### Recorded information

------------------------------------------------------------------------

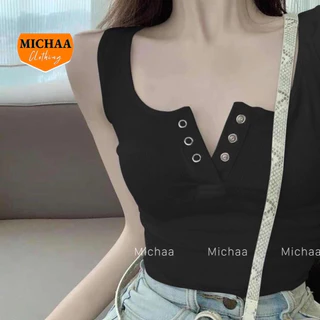 Áo Croptop Ba Lỗ CÚC BẤM Nữ Kiểu Sát Nách Cổ Vuông Chất Thun Gân Ôm Body MICHAA CR20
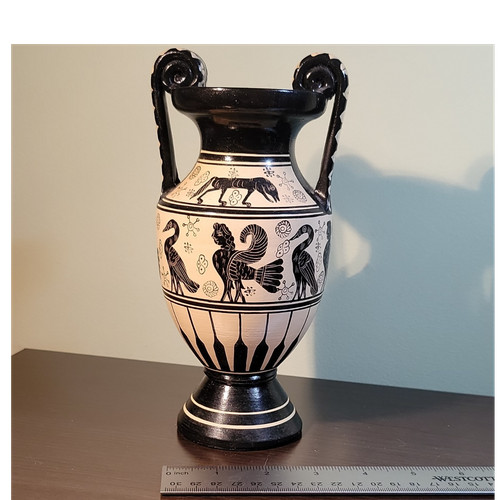Black & Cream Greek Two-Handle Ceramic Vase 8"H, 4"W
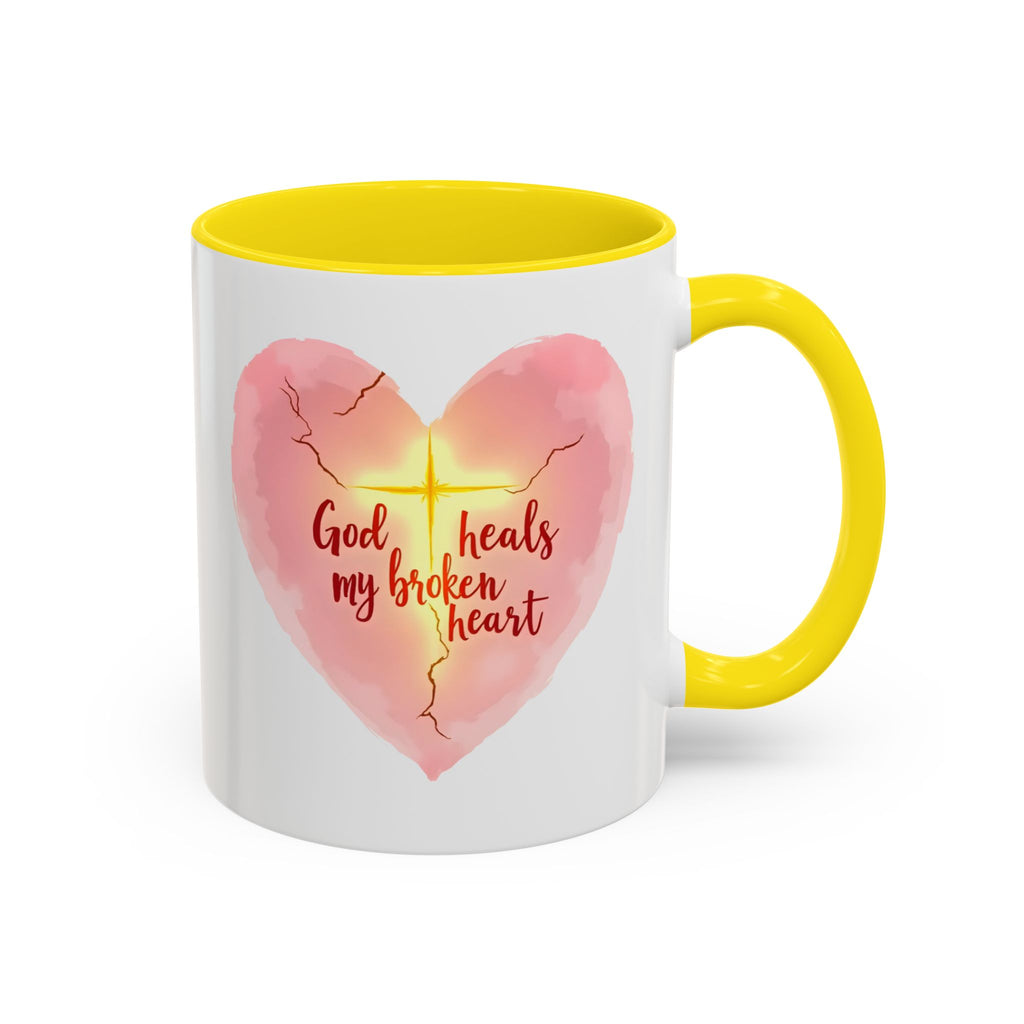 God Heals My Broken Heart Mug, Inspirational Coffee Cup, Heart Design Gift, Christian Faith Mug, Encouragement & Support Beverage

------------------------------------------------------------------------

### What you will do
Return the listing verbatim, pictures excluded.

### Reply to the task
 Áo Croptop Ba Lỗ CÚC BẤM Nữ Kiểu Sát Nách Cổ Vuông Chất Thun Gân Ôm Body MICHAA CR20
Black & Cream Greek Two-Handle Ceramic Vase 8"H, 4"W
 God Heals My Broken Heart Mug, Inspirational Coffee Cup, Heart Design Gift, Christian Faith Mug, Encouragement & Support Beverage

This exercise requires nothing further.